DATA FOR THE TASK:
● ● ● ● ●

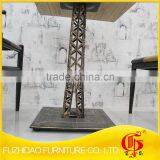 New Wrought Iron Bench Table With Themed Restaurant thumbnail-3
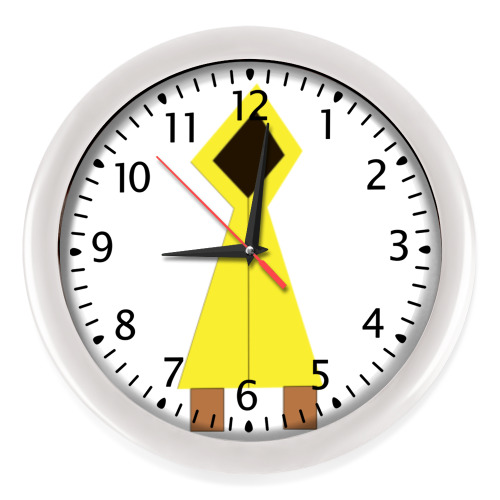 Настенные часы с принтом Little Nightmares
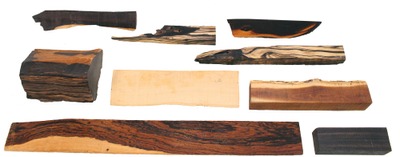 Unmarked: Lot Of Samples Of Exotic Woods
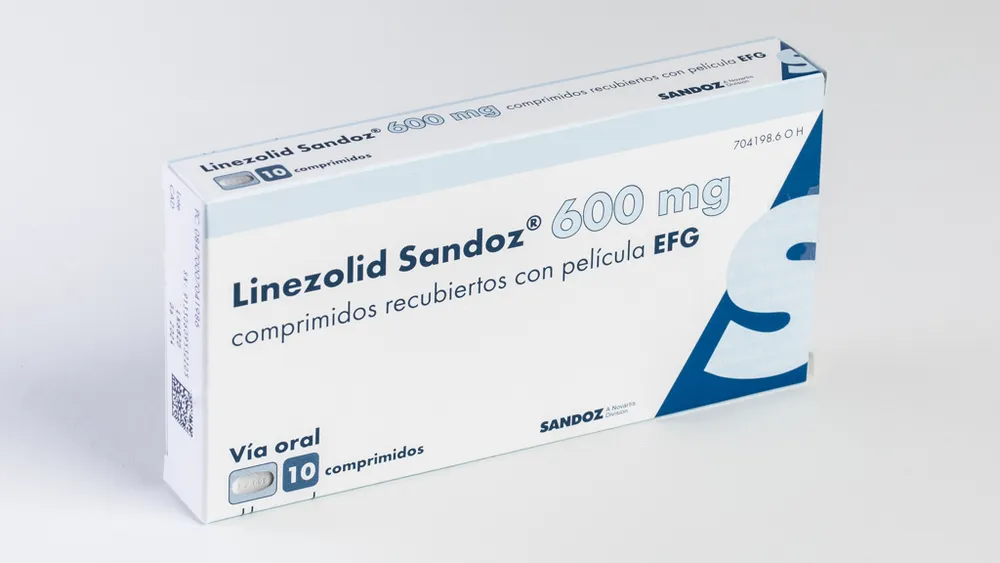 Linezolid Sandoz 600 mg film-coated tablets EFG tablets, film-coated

● ● ● ● ●

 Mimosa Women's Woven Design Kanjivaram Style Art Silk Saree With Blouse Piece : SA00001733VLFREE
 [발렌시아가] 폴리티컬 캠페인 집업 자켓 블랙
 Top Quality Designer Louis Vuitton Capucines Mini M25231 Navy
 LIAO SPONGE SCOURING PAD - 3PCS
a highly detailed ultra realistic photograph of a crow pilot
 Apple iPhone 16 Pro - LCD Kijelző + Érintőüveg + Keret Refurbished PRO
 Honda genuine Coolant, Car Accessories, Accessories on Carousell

● ● ● ● ●

TRY IT:
Take the records above and return, word for word, only the lines that fall from the line with "LIAO SPONGE SCOURING PAD - 3PCS" to the line with "Honda genuine Coolant, Car", both of them included.

ANSWER AREA:
 LIAO SPONGE SCOURING PAD - 3PCS
a highly detailed ultra realistic photograph of a crow pilot
 Apple iPhone 16 Pro - LCD Kijelző + Érintőüveg + Keret Refurbished PRO
 Honda genuine Coolant, Car Accessories, Accessories on Carousell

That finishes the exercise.